◆ **Problem description**
Please produce an exact transcription of the lines from the one containing "493 engine pump" through the last line of the entries, leaving out every picture.

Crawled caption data
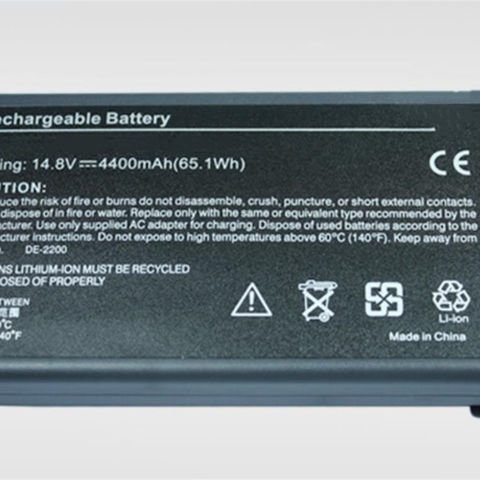 Laptop Replacement Battery Del L Inspiron 1000 For 312 0292 312 0326 312 0335 14 8v 4 400mah Battery For Laptop Spare Laptop Battery Notebook Battery Buy China Laptop Battery On Globalsources Com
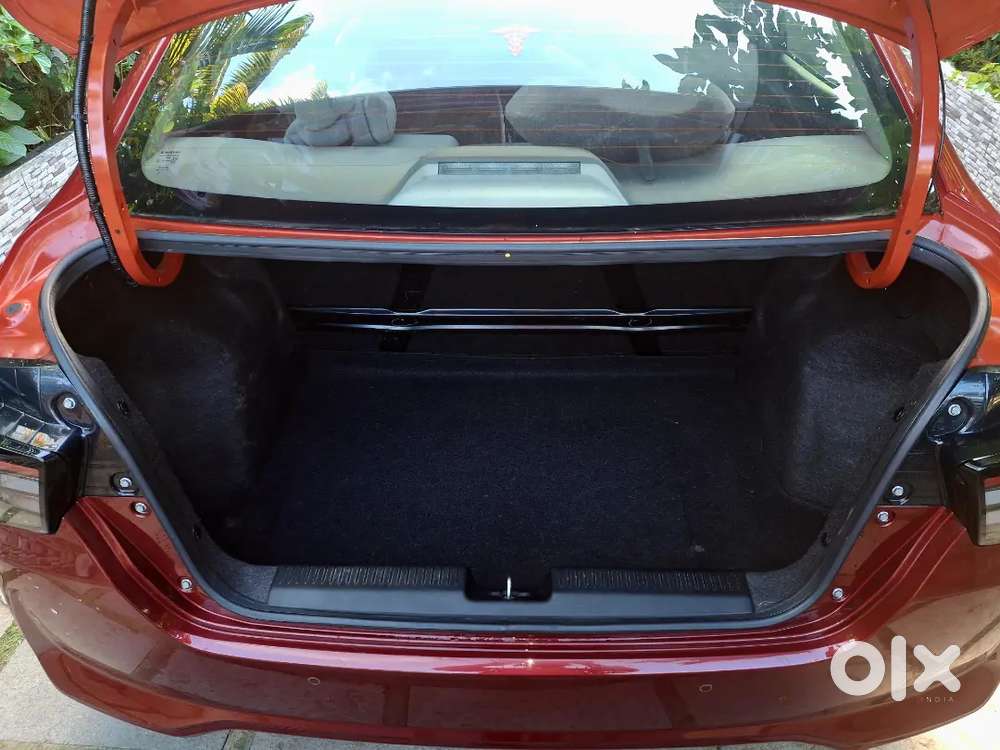 Maruti Suzuki Dzire 2024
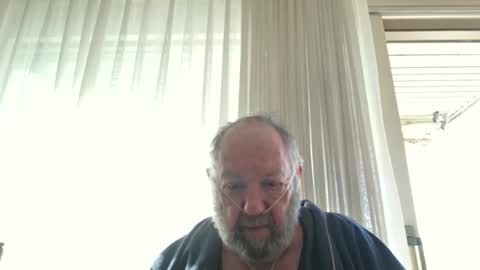 David Fredal online show from April 27, 2026, 7:17 am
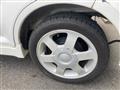 2006 Mitsubishi eK Sport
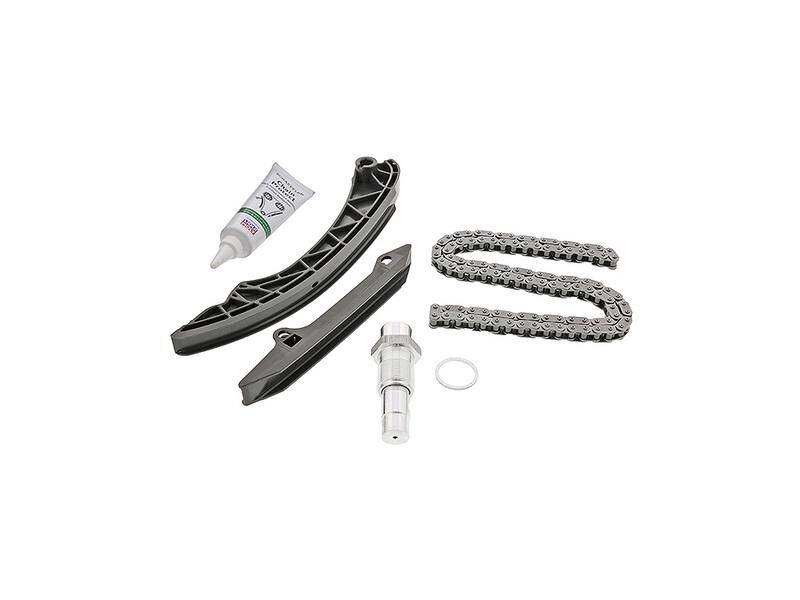 KUMANDA ZİNCİR SETİ BMW M54 00- YENİ KOD: INA-559182820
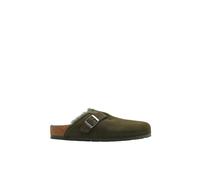 Birkenstock - Sandalias Boston VL - Shoes - Mujer - Verde - 39 EU -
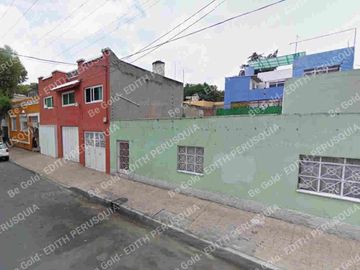 Casa en venta, Recuperación hipotecaria, Torre Blanca, Miguel Hidalgo, CDMX.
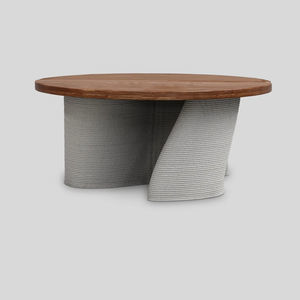 table d'appoint design 1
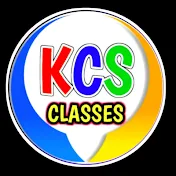 KC SIR KI CLASSES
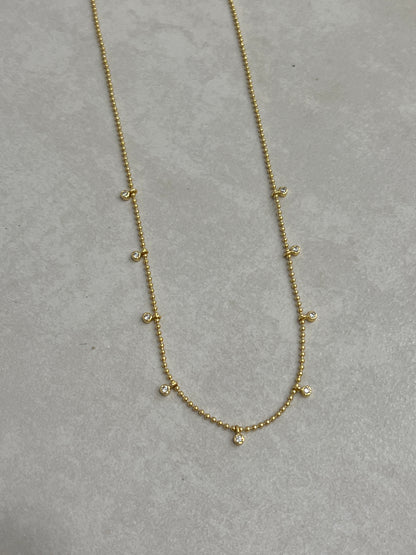 Pretty Woman Chain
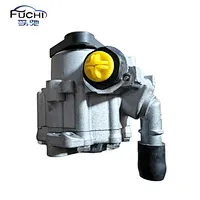 493 engine pump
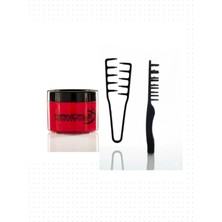Zemira Fontenay Mat Wax 100 ml Mat Wax + Tarak 2'li Set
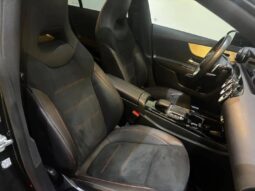 
										MERCEDES CLA full									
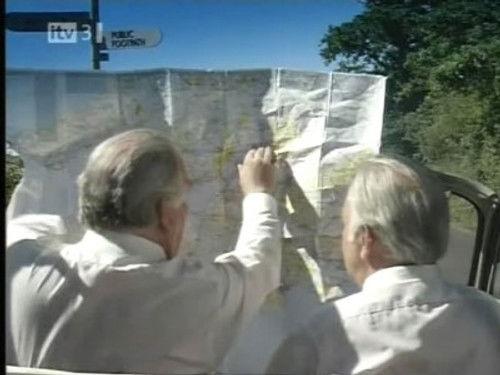 Never the Twain Season 10 Episode 4 - Happy Holiday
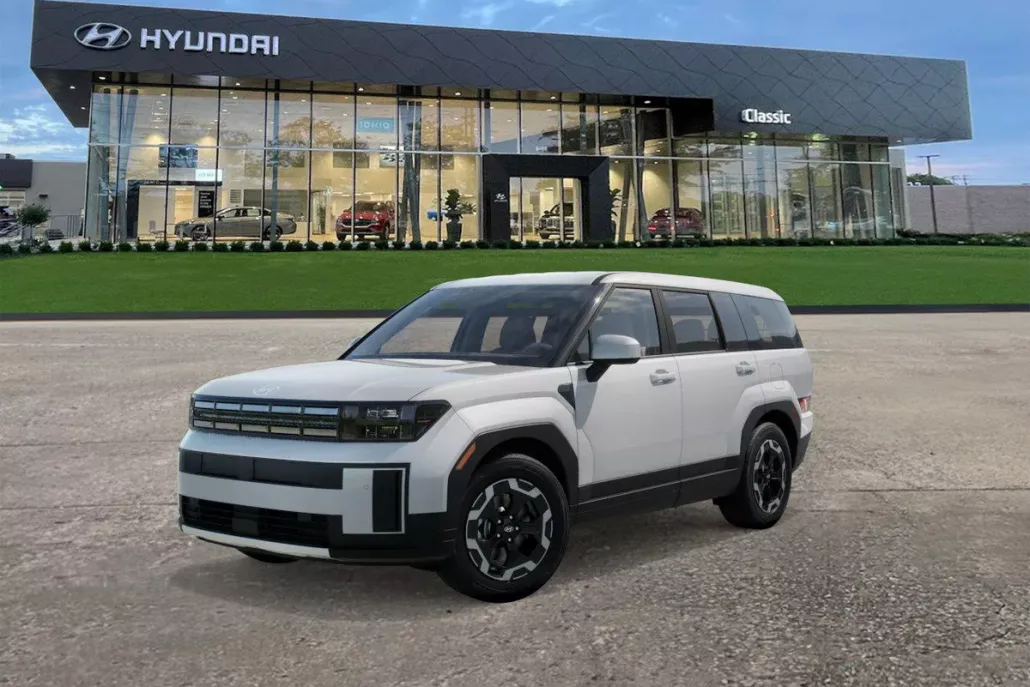 2026 Toyota RAV4 SE photo 1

◆ **Exercise response**
 493 engine pump
Zemira Fontenay Mat Wax 100 ml Mat Wax + Tarak 2'li Set
										MERCEDES CLA full									
 Never the Twain Season 10 Episode 4 - Happy Holiday
 2026 Toyota RAV4 SE photo 1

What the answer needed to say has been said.